Throughout the course of discovery, including 11 motions to compel, plaintiff had two primary complaints. First, that the spreadsheet never captured all the data that she sought and second, that defendants had failed to produce the corresponding PD 163′s. In fact, even the most recent spreadsheet produced by defendants failed to list certain arrest events that plaintiff knew existed by virtue of the fact that plaintiff already had in her possession the corresponding PD 163′s.
Magistrate Judge John A. Facciola observed that, by requesting summary judgment as to her claim that defendants engage in a practice of allowing improper strip searches, plaintiff was in essence seeking a default judgment. The judge noted that courts “must take care, especially when contemplating a litigation-ending sanction, to ensure that it is proportional to the underlying conduct.” This care requires consideration of three factors: 1) the resulting prejudice to the opposing party, 2) the resulting prejudice to the judicial system, and 3) the need to deter such behavior in the future.
As to the first factor, the judge found that defendants’ conduct was prejudicial to plaintiff’s ability to establish the necessary elements of a Monell claim. In order to prove that defendants had a policy of deliberate indifference, plaintiff needed to show that the behavior complained of was widespread. Plaintiff’s inability to obtain the desired PD 163′s hindered her ability to make this showing.
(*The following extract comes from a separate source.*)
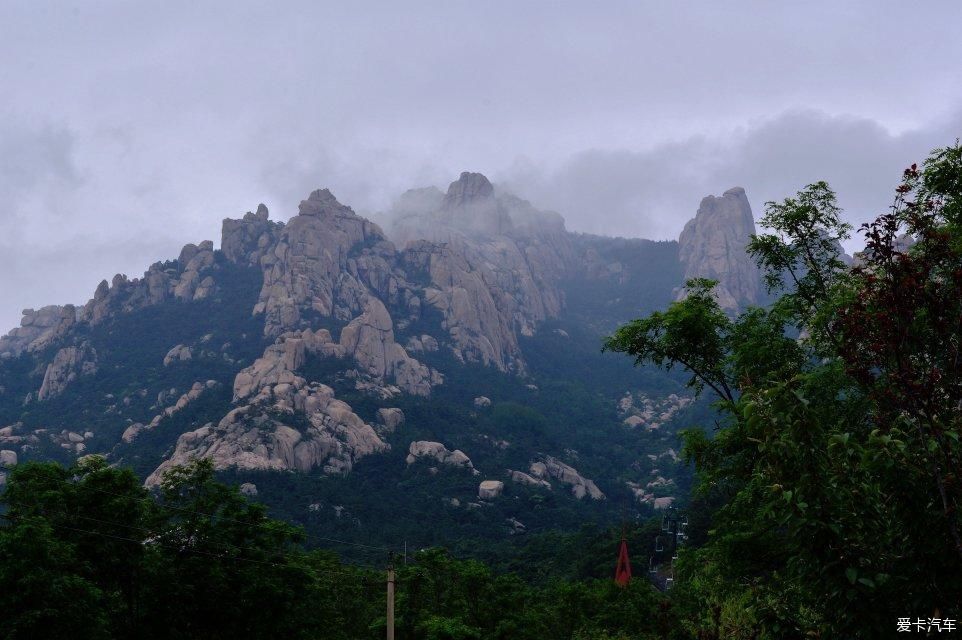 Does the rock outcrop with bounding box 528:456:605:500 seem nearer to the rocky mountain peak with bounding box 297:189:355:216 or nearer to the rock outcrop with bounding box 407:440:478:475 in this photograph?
the rock outcrop with bounding box 407:440:478:475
As to the second factor, the judge found that, although defendants’ actions required an inordinate amount of the court’s time, trial dates were not yet been set and “the disruption of the court’s calendar has not been as great as it could have been.”
As to the third factor, the court noted that the choice of sanction under Rule 37, whether mild or severe, is always guided by the concept of proportionality; between offense and sanction. The court concluded that the defendants’ actions in this case were “not so flagrant and egregious as to be in bad faith, i.e., with a malicious or evil intent.” He found that defendants were guilty only of: 1) providing overly broad responses to plaintiff’s requests for production of documents, and 2) operating in an environment that is short both on funding and staffing. “These two reasons explain completely defendants’ inability to comply with plaintiff’s discovery demands.” The court further commented: “Indeed, of all the things one may say about the District’s behavior in this case, that it was the product of a crafty, malevolent intelligence, is not of them.”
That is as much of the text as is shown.